- [Work instructions]:
Print each record exactly as it appears, but drop the images.

______________________________

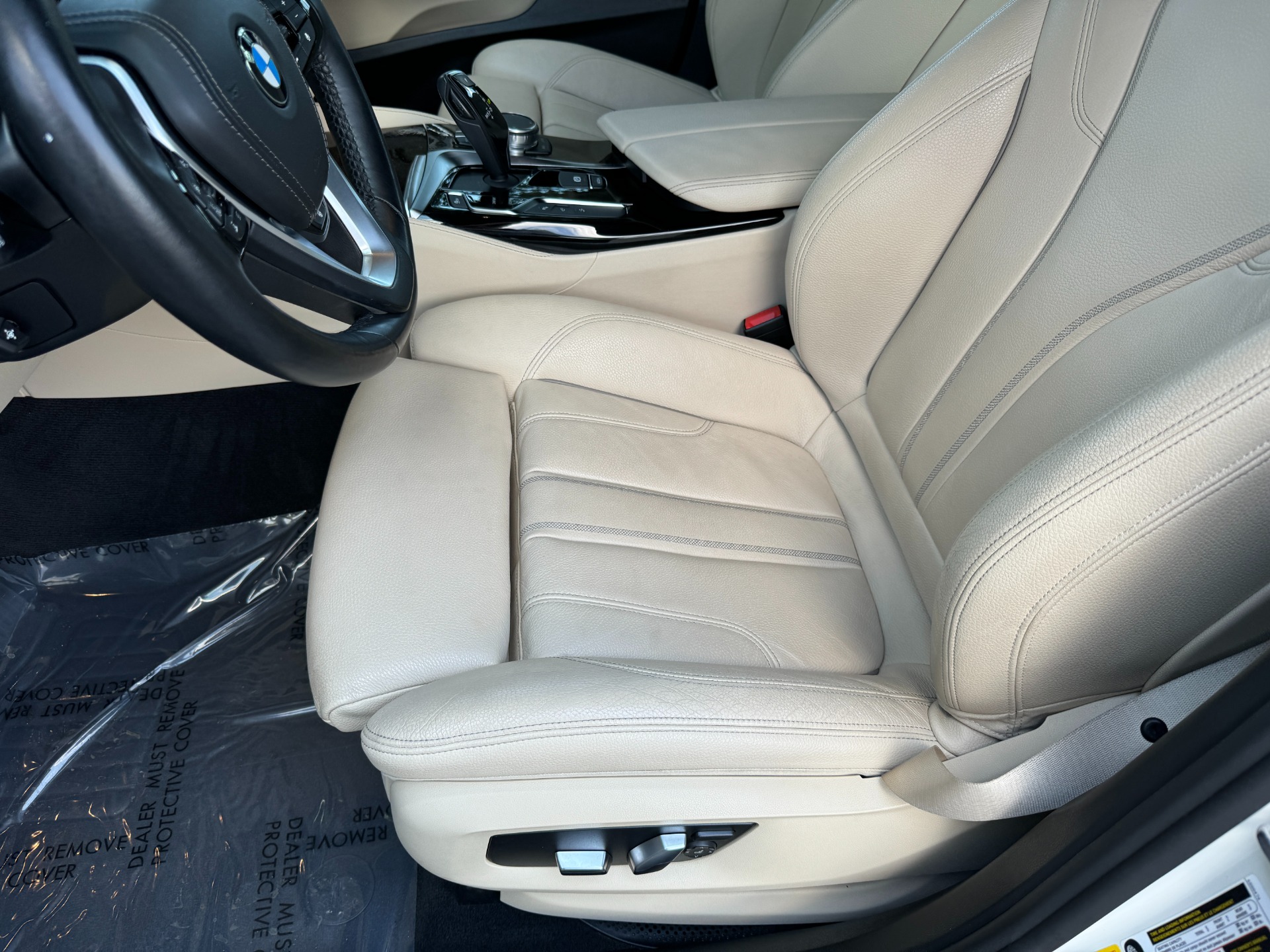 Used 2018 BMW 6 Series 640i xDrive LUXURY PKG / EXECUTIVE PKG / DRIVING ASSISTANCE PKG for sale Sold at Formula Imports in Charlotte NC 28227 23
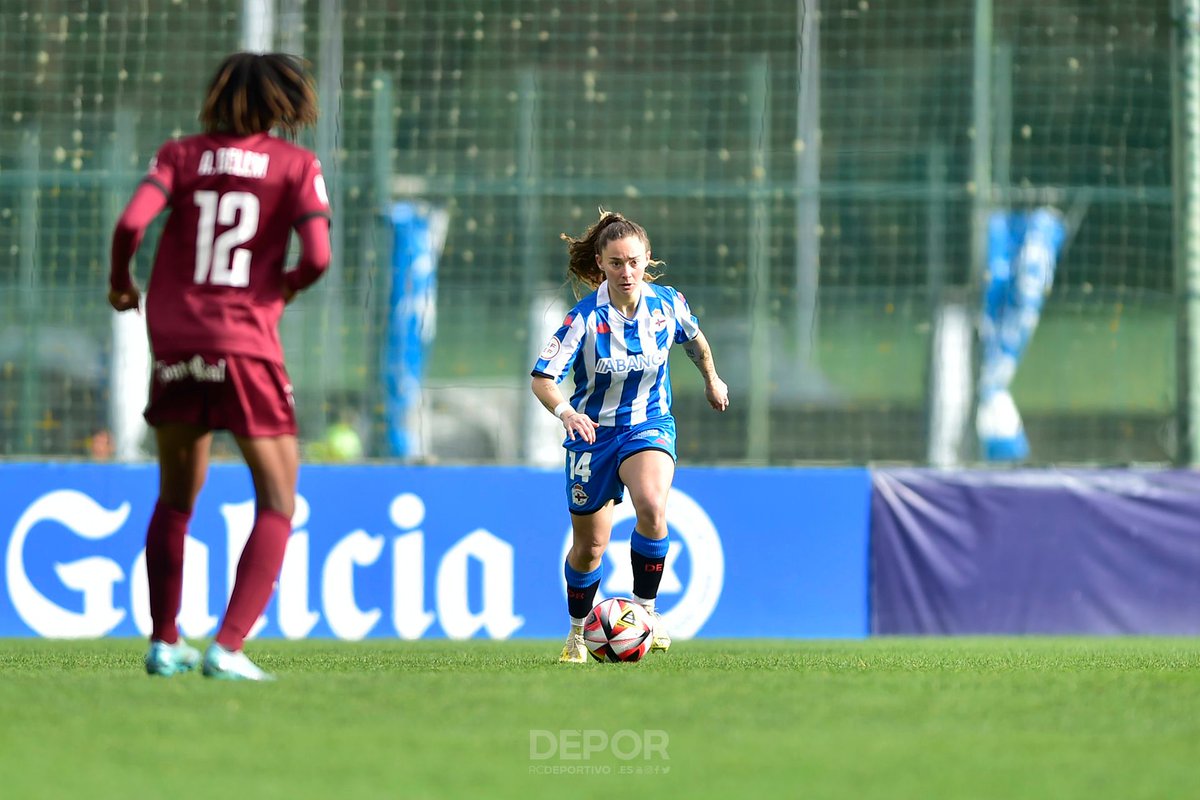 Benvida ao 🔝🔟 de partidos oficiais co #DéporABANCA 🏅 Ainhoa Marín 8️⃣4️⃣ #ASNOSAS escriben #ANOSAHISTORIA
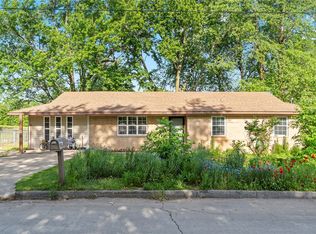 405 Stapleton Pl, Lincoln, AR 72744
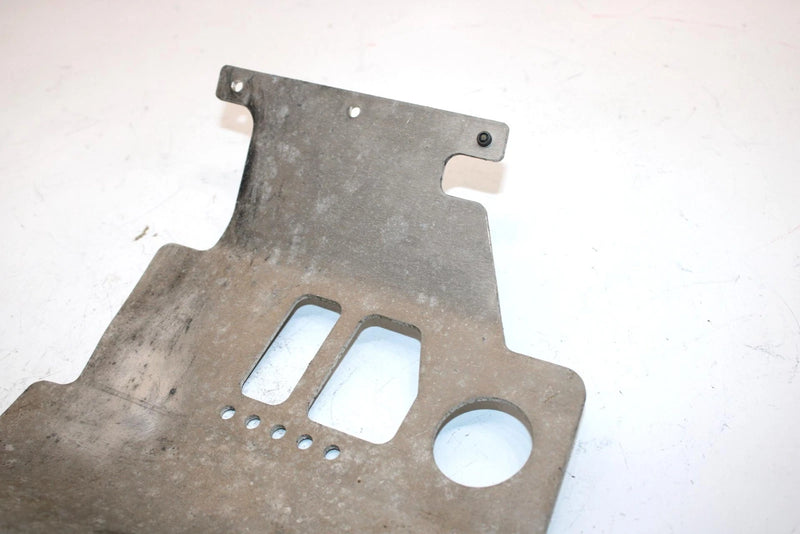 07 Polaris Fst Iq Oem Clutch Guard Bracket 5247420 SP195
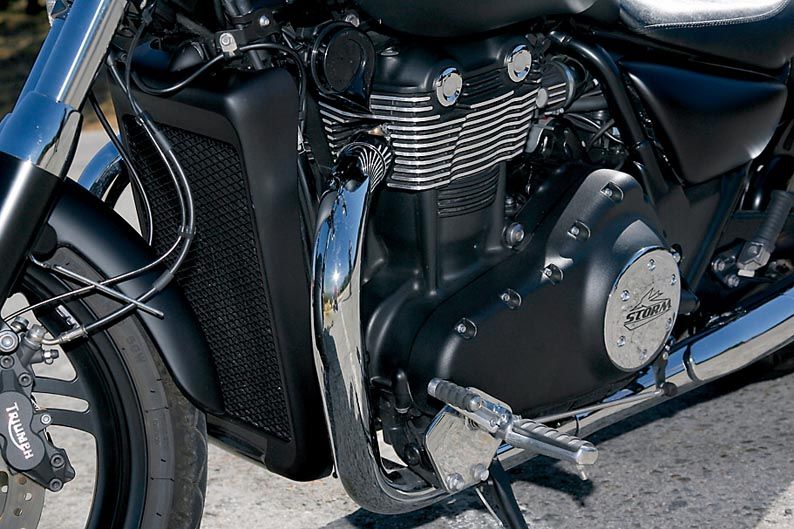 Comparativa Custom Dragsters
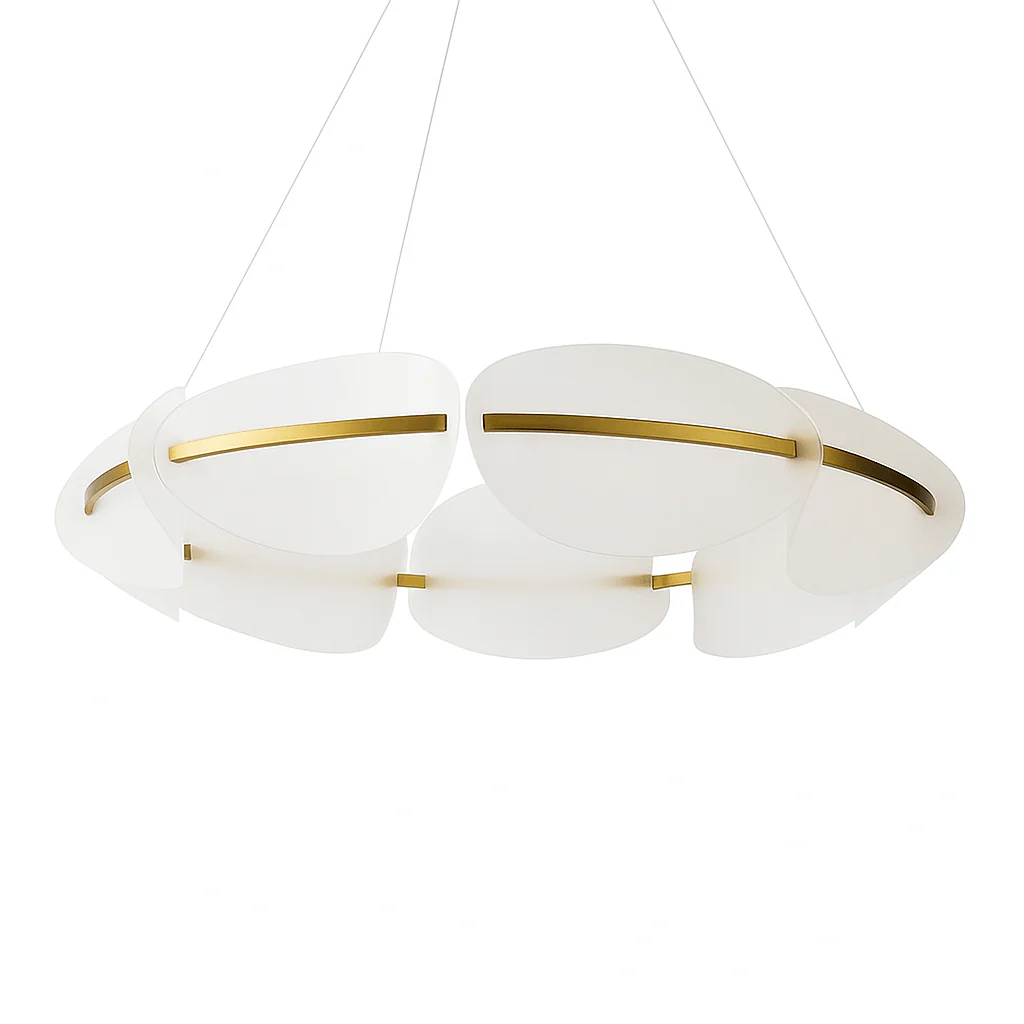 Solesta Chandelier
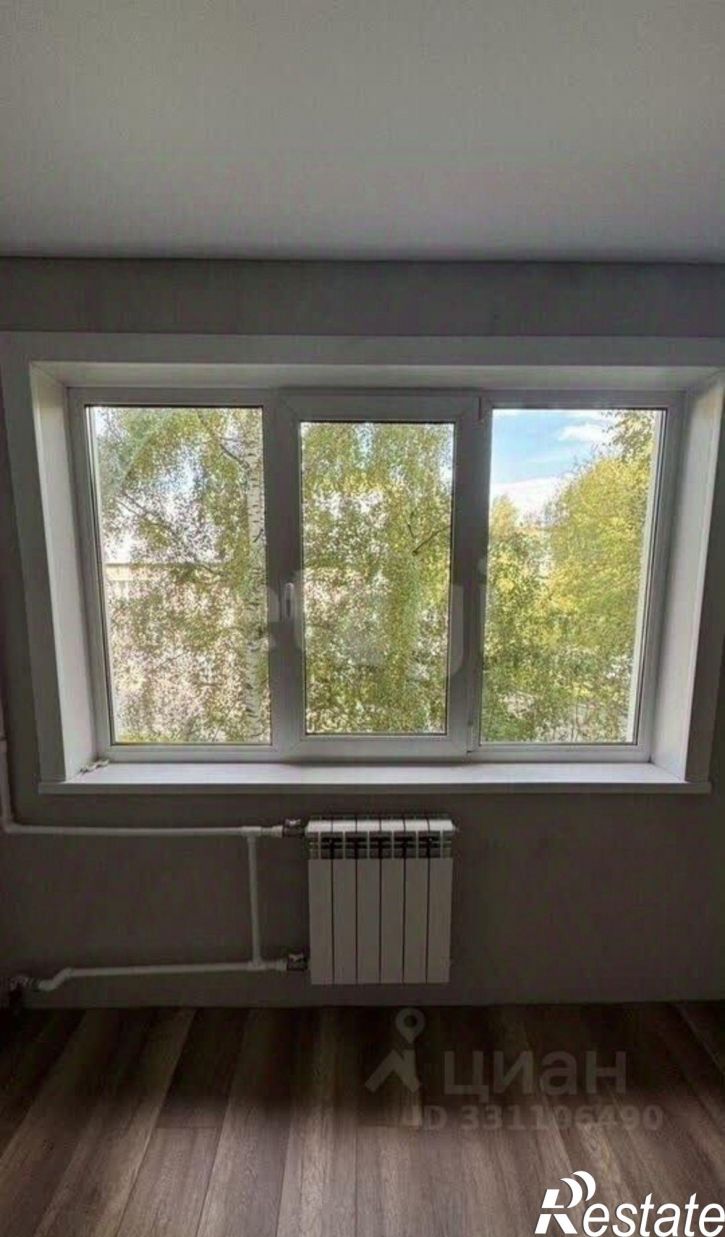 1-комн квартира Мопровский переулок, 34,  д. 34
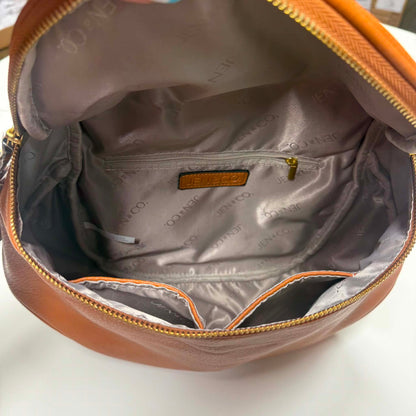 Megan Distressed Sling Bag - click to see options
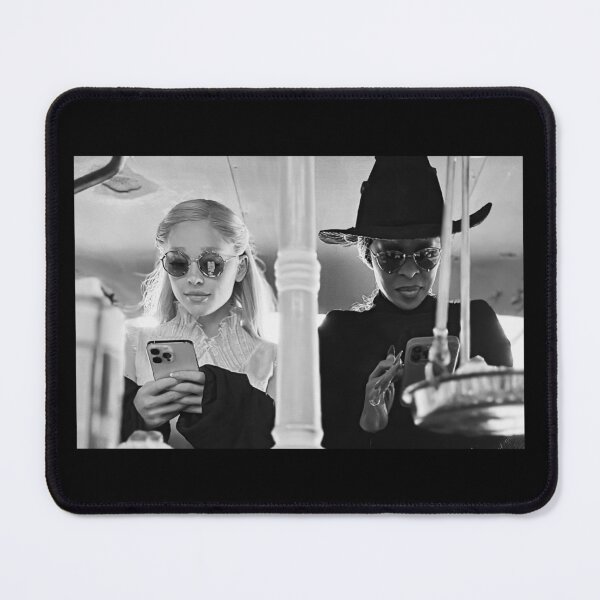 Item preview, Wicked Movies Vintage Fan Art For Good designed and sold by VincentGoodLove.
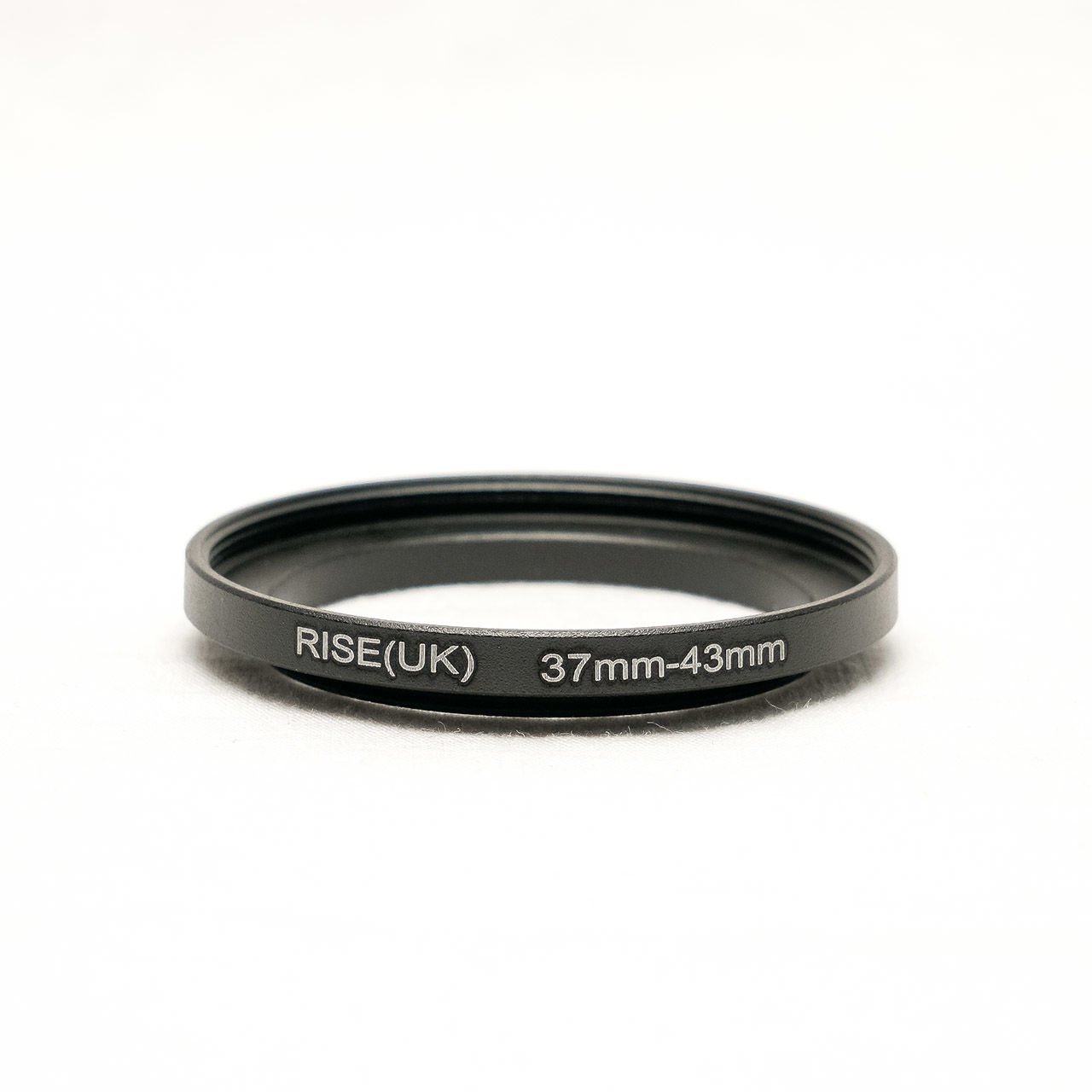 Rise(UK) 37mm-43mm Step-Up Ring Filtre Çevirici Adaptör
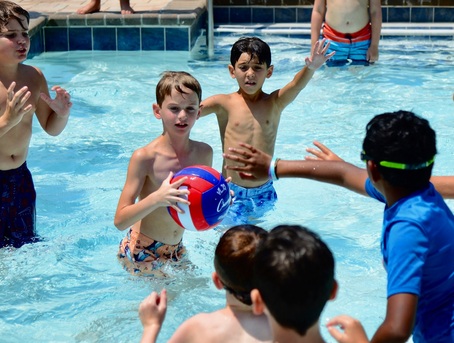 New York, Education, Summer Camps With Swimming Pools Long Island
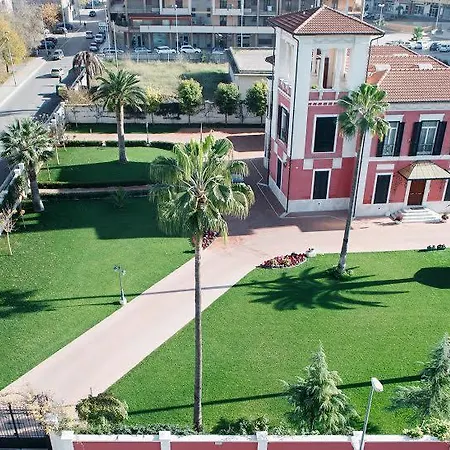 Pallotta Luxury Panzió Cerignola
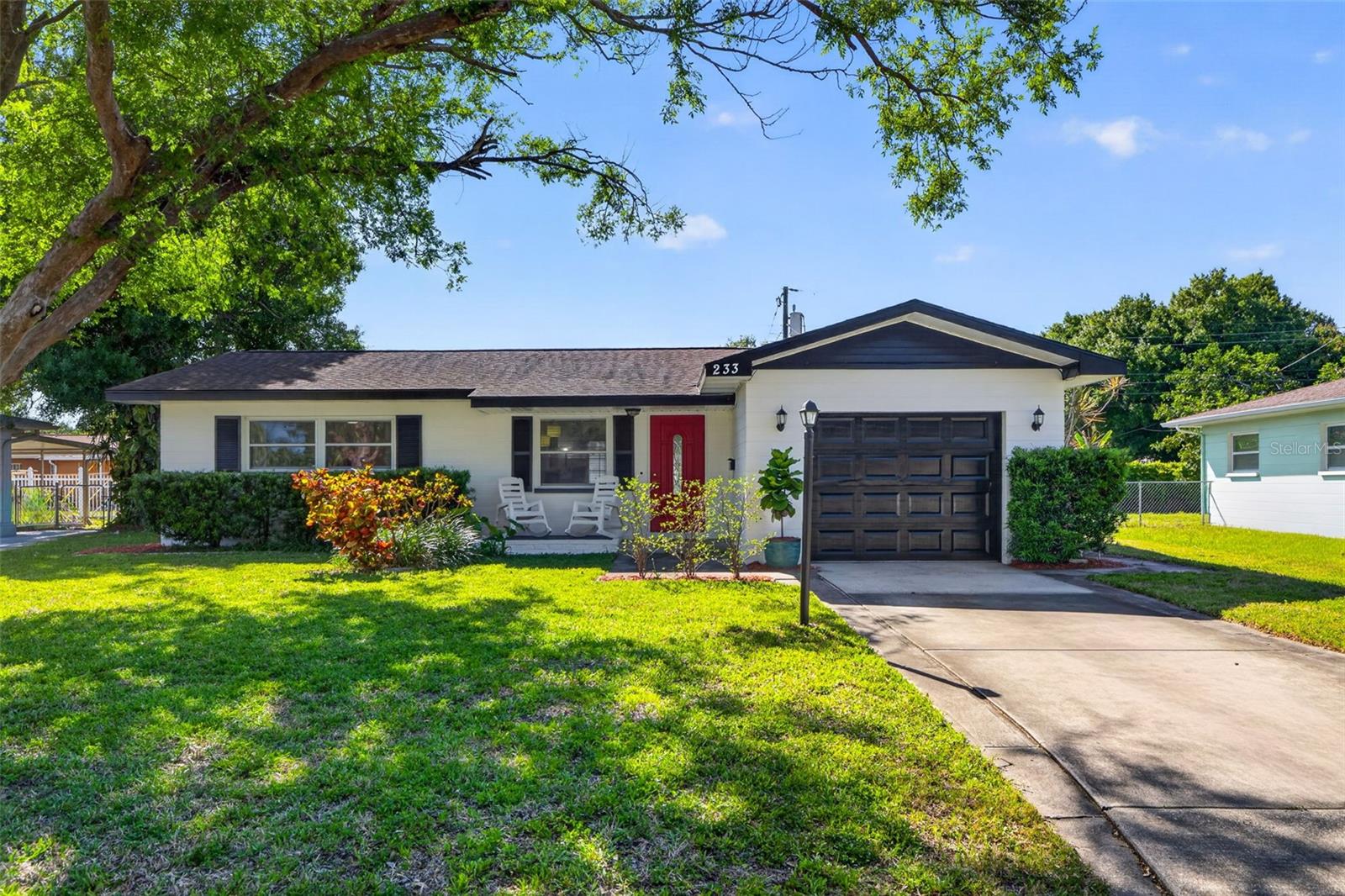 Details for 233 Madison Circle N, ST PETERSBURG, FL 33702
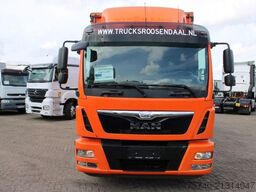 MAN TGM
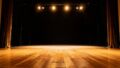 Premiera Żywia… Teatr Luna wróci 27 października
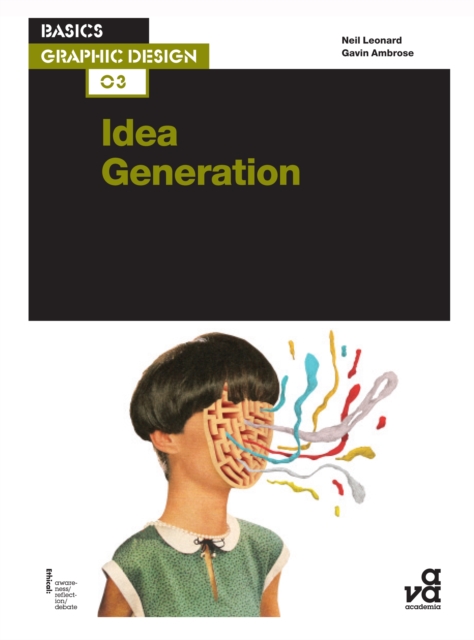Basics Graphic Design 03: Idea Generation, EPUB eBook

______________________________

- [Response for this exercise]:
 Used 2018 BMW 6 Series 640i xDrive LUXURY PKG / EXECUTIVE PKG / DRIVING ASSISTANCE PKG for sale Sold at Formula Imports in Charlotte NC 28227 23
 Benvida ao 🔝🔟 de partidos oficiais co #DéporABANCA 🏅 Ainhoa Marín 8️⃣4️⃣ #ASNOSAS escriben #ANOSAHISTORIA
 405 Stapleton Pl, Lincoln, AR 72744
 07 Polaris Fst Iq Oem Clutch Guard Bracket 5247420 SP195
 Comparativa Custom Dragsters
 Solesta Chandelier
 1-комн квартира Мопровский переулок, 34,  д. 34
 Megan Distressed Sling Bag - click to see options
 Item preview, Wicked Movies Vintage Fan Art For Good designed and sold by VincentGoodLove.
 Rise(UK) 37mm-43mm Step-Up Ring Filtre Çevirici Adaptör
 New York, Education, Summer Camps With Swimming Pools Long Island
 Pallotta Luxury Panzió Cerignola
 Details for 233 Madison Circle N, ST PETERSBURG, FL 33702
 MAN TGM
 Premiera Żywia… Teatr Luna wróci 27 października
Basics Graphic Design 03: Idea Generation, EPUB eBook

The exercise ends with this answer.